** Extracted entries follows **

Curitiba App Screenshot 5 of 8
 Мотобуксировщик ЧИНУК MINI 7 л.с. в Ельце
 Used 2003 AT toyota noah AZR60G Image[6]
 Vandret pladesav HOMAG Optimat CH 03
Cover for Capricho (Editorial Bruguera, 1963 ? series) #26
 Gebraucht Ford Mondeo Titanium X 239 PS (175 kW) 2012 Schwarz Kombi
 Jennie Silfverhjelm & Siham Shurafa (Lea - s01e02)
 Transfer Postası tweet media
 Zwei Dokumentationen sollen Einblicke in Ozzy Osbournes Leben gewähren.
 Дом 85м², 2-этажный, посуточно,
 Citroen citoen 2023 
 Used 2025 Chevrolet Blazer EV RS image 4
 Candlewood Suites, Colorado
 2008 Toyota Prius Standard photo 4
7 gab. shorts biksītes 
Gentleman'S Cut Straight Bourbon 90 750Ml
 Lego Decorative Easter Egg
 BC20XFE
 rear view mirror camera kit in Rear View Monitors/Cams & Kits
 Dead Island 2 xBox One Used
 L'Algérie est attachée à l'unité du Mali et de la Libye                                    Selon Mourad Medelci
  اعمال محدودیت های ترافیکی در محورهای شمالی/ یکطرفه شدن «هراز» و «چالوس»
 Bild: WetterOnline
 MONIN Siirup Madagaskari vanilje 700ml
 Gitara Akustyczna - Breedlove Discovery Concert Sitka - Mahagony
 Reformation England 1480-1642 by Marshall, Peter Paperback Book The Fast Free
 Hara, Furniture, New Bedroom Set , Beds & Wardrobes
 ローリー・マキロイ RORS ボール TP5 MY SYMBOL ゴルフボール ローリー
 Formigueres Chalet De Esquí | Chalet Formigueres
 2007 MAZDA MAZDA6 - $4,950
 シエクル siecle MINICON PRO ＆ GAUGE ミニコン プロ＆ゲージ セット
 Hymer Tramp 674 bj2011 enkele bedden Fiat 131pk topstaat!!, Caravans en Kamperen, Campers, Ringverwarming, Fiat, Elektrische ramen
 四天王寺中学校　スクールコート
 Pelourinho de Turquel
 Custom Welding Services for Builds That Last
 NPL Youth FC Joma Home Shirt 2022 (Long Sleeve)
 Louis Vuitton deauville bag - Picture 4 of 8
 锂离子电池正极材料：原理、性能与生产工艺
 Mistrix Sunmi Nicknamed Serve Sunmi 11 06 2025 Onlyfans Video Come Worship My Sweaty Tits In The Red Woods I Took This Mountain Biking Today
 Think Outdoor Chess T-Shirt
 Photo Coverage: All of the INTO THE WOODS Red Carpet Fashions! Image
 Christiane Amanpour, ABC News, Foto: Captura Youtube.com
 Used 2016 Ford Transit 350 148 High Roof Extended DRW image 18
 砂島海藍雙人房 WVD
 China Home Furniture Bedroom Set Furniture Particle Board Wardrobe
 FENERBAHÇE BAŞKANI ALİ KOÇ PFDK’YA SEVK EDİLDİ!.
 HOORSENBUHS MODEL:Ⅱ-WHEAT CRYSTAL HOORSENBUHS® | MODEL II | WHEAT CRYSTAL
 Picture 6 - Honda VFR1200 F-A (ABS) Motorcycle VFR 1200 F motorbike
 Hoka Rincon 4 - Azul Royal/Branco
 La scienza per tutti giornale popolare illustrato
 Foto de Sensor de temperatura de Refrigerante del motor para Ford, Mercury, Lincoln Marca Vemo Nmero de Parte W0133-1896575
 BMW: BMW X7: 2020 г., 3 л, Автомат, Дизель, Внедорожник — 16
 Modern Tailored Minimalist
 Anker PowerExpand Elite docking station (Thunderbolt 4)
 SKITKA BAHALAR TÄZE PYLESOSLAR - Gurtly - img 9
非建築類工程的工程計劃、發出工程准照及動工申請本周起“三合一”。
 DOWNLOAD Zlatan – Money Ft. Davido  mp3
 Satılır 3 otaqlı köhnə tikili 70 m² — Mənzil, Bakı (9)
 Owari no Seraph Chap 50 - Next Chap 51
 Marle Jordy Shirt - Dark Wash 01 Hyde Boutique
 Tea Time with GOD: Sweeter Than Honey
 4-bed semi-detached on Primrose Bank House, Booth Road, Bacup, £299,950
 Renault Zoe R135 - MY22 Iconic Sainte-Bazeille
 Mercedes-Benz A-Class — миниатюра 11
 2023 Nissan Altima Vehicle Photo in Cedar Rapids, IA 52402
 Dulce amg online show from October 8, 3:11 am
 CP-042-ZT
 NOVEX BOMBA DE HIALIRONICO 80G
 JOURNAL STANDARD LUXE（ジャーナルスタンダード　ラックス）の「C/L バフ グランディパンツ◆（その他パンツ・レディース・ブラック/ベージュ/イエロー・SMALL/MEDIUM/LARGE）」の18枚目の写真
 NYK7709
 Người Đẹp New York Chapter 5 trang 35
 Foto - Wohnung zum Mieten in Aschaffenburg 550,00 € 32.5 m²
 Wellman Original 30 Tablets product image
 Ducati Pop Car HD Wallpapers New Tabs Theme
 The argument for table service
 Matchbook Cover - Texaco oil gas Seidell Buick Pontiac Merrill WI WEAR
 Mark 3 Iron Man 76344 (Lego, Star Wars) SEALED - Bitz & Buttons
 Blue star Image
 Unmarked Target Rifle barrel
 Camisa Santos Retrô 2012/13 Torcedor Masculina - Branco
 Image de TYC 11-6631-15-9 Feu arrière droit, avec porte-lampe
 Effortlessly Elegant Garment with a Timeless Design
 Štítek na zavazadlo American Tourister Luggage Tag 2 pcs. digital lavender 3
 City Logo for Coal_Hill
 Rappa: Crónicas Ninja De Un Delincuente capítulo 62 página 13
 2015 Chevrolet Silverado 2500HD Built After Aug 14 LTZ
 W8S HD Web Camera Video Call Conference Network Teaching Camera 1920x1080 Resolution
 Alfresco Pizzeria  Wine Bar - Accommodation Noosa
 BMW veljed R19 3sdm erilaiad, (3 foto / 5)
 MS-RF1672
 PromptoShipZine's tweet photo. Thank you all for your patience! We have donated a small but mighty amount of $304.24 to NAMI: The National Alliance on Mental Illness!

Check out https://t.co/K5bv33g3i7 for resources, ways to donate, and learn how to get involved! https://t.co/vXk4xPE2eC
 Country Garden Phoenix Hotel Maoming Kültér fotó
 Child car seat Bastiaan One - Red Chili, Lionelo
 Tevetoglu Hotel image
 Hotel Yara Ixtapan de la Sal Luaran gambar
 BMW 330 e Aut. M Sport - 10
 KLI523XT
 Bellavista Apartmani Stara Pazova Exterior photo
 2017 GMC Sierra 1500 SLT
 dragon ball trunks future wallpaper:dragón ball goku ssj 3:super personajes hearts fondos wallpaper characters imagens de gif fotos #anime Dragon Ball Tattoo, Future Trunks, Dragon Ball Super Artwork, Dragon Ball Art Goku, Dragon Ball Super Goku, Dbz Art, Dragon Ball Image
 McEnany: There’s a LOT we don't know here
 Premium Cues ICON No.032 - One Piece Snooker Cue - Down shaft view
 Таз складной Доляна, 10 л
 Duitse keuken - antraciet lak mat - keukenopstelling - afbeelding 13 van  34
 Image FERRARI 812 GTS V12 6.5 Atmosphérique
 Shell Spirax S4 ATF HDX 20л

** End of Extracted entries **

What is being asked:
Within the listing above, locate the line containing "Modern Tailored Minimalist" and the line containing "City Logo for Coal_Hill". Reproduce those two lines and all lines between them exactly, with nothing added.

Solution:
 Modern Tailored Minimalist
 Anker PowerExpand Elite docking station (Thunderbolt 4)
 SKITKA BAHALAR TÄZE PYLESOSLAR - Gurtly - img 9
非建築類工程的工程計劃、發出工程准照及動工申請本周起“三合一”。
 DOWNLOAD Zlatan – Money Ft. Davido  mp3
 Satılır 3 otaqlı köhnə tikili 70 m² — Mənzil, Bakı (9)
 Owari no Seraph Chap 50 - Next Chap 51
 Marle Jordy Shirt - Dark Wash 01 Hyde Boutique
 Tea Time with GOD: Sweeter Than Honey
 4-bed semi-detached on Primrose Bank House, Booth Road, Bacup, £299,950
 Renault Zoe R135 - MY22 Iconic Sainte-Bazeille
 Mercedes-Benz A-Class — миниатюра 11
 2023 Nissan Altima Vehicle Photo in Cedar Rapids, IA 52402
 Dulce amg online show from October 8, 3:11 am
 CP-042-ZT
 NOVEX BOMBA DE HIALIRONICO 80G
 JOURNAL STANDARD LUXE（ジャーナルスタンダード　ラックス）の「C/L バフ グランディパンツ◆（その他パンツ・レディース・ブラック/ベージュ/イエロー・SMALL/MEDIUM/LARGE）」の18枚目の写真
 NYK7709
 Người Đẹp New York Chapter 5 trang 35
 Foto - Wohnung zum Mieten in Aschaffenburg 550,00 € 32.5 m²
 Wellman Original 30 Tablets product image
 Ducati Pop Car HD Wallpapers New Tabs Theme
 The argument for table service
 Matchbook Cover - Texaco oil gas Seidell Buick Pontiac Merrill WI WEAR
 Mark 3 Iron Man 76344 (Lego, Star Wars) SEALED - Bitz & Buttons
 Blue star Image
 Unmarked Target Rifle barrel
 Camisa Santos Retrô 2012/13 Torcedor Masculina - Branco
 Image de TYC 11-6631-15-9 Feu arrière droit, avec porte-lampe
 Effortlessly Elegant Garment with a Timeless Design
 Štítek na zavazadlo American Tourister Luggage Tag 2 pcs. digital lavender 3
 City Logo for Coal_Hill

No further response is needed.